I find it difficult to apply some if not all of the things I'm thinking about when doing this stuff statically to anything much in motion... I've been working on trying to get my body into a shape when doing this in motion, so I don't wave my arms around or move them, if I want to move my arm, I move my body so that my arm stays in the same shape.

If you were starting to introduce this stuff into a club (not a long established club, only 3 years old) would it be part of every class, or something else until you get the absolute basics instilled?

I play with what little I've picked up but am consciously trying to not overdo it as I don't have much to backup what I'm trying to teach.
Hi John:

Generally what most people do is learn some basic static jin/kokyu tricks and then weave those into their moving techniques (to some degree) so that they can roughly "use internal strength" in limited scenarios. They will also do limited application of the dantien/tanden/hara and consider that to be "internal strength". My point is that the transition from static training into moving training is always hard and it's the point where most people (usually unknown to themselves and their friends) plateau out. Moving has to take into account more dynamics than just weaving in some sudden-application usages of static kokyu power.

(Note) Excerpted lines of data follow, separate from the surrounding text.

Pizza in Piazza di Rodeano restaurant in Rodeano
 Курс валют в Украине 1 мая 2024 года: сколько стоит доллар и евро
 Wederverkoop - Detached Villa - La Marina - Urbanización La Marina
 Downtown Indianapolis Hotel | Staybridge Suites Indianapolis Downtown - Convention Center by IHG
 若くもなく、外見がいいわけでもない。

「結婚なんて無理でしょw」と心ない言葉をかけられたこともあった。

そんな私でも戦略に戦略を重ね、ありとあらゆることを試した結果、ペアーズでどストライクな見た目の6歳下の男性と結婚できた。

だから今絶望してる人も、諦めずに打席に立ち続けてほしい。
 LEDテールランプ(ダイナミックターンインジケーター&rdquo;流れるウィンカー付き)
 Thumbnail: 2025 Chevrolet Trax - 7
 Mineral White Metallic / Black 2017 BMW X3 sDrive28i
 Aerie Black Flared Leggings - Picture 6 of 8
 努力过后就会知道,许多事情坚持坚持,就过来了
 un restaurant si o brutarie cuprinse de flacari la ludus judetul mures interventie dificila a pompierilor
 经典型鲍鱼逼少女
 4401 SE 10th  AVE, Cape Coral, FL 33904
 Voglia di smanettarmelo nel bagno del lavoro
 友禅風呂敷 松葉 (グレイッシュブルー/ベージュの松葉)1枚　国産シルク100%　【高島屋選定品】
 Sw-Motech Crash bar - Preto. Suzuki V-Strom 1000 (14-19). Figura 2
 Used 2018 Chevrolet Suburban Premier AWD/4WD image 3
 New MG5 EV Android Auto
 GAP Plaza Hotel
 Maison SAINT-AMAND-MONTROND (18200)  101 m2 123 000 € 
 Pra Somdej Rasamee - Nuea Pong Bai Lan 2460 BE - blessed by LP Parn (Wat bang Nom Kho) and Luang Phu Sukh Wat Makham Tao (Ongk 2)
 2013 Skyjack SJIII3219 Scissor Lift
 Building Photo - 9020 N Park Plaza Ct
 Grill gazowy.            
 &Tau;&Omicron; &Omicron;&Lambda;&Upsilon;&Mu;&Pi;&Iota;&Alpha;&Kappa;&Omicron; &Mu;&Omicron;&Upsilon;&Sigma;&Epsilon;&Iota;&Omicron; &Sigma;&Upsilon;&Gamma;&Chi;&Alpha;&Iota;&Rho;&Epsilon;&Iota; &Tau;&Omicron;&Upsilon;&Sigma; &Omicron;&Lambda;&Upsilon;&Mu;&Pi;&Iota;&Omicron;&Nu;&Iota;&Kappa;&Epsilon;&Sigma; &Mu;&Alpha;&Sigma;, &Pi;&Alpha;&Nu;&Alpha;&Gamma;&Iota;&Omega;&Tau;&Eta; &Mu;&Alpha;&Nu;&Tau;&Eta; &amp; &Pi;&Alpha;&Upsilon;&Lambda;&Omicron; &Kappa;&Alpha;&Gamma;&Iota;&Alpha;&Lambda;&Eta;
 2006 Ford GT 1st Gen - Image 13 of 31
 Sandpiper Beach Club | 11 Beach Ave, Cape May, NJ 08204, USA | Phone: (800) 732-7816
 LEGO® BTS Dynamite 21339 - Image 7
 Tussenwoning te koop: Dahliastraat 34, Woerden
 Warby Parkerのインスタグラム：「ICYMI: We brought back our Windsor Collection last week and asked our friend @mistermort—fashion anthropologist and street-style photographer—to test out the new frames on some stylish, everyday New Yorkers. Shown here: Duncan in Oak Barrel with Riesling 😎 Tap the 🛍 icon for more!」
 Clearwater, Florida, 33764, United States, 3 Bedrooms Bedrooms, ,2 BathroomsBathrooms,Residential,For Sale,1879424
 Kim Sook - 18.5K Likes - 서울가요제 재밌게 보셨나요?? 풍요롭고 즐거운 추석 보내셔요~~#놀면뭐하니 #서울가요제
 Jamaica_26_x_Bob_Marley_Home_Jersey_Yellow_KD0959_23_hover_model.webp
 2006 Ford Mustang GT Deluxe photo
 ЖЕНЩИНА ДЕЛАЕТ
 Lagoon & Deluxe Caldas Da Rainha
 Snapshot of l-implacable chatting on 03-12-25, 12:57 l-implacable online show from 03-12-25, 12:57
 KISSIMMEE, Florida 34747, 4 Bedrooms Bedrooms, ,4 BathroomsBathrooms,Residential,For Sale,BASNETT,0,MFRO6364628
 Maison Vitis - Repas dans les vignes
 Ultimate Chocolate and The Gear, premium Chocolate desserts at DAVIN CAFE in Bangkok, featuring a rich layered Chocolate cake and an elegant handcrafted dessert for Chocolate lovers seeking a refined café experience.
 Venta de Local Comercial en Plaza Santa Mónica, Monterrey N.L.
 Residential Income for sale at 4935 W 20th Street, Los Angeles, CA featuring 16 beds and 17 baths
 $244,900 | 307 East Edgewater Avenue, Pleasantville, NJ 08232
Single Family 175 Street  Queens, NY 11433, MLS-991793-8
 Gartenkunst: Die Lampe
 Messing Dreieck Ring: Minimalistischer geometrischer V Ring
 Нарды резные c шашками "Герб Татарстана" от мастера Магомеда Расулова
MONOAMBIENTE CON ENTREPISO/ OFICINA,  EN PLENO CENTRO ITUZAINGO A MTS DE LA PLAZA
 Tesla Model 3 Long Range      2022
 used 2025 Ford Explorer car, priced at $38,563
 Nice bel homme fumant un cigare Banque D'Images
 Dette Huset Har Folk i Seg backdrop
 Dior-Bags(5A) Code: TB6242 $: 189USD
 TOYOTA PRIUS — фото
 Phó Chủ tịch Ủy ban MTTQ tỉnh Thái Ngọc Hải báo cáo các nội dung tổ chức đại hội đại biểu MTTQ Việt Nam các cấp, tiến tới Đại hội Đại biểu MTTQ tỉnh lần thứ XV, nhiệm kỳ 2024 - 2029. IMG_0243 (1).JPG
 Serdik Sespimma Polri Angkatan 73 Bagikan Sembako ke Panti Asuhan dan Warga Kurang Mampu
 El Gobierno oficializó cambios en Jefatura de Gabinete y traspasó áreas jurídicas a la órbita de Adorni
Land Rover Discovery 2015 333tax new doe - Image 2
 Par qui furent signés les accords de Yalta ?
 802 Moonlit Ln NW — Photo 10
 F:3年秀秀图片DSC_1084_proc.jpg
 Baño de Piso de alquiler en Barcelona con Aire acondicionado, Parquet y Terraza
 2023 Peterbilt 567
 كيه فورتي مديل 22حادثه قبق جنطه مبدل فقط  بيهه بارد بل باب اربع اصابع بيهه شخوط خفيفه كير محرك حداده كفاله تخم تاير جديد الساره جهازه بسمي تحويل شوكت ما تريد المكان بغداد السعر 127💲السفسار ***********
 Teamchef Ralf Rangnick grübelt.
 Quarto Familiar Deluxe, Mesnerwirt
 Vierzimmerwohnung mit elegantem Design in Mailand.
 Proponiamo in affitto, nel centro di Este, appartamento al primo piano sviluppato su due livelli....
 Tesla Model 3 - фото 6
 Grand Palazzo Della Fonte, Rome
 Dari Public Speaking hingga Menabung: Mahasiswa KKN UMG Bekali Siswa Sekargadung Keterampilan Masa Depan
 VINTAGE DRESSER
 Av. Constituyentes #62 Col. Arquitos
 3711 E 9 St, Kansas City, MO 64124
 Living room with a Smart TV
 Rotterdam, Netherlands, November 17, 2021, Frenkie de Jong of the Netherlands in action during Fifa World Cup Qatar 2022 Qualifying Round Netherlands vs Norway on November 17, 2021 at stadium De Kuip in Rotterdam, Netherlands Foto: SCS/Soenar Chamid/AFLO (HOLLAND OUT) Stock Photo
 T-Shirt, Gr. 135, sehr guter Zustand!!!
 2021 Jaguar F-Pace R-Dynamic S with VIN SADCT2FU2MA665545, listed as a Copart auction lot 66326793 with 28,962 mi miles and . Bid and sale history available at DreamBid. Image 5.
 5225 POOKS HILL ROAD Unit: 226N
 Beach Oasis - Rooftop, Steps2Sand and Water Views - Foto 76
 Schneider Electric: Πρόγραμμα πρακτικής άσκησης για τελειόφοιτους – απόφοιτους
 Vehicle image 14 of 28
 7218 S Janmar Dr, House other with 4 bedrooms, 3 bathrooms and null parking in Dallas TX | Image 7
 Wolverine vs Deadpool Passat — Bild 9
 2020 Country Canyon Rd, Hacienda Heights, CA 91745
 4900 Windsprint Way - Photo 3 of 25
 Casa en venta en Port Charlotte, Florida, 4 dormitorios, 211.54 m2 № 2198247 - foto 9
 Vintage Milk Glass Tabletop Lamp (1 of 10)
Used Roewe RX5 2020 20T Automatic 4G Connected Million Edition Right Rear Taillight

[BTW, just to interject a point, I prefer to say something like "jin" rather than "kokyu", because "kokyu" implies something a little more sophisticated than "jin" which means sort of "trained force skill/vector" in this context. Most people are only doing jin usage but are calling it kokyu.]

Since the principles of ki/kokyu/hara/etc are always going to be the same, the easiest thing to do, no matter what your style, is to look at the exercises Tohei developed to address the problem of taking static kokyu/jin skills into the moving. Starting around 1:43, look at Tohei's suggested methods of beginning to train into the moving usage of internal strength:

http://www.youtube.com/watch?v=1nj_7ctIWbM

Tohei (inspired by Ueshiba) did a pretty good job of putting together a series of exercises addressing the difficult transition phase from static to moving, but it's still a difficult time for everyone. In my experience few westerners ever really learn to do the transition well and they tend to be more about normal movement with interjected moments of internal strength. So you're right to focus on it. If you're going after "internal strength" and you instead pattern yourself into "moments of applied static jin/kokyu", you're back into the same old habit of repatterning movements that will limit your progress. There are a lot of traps out there.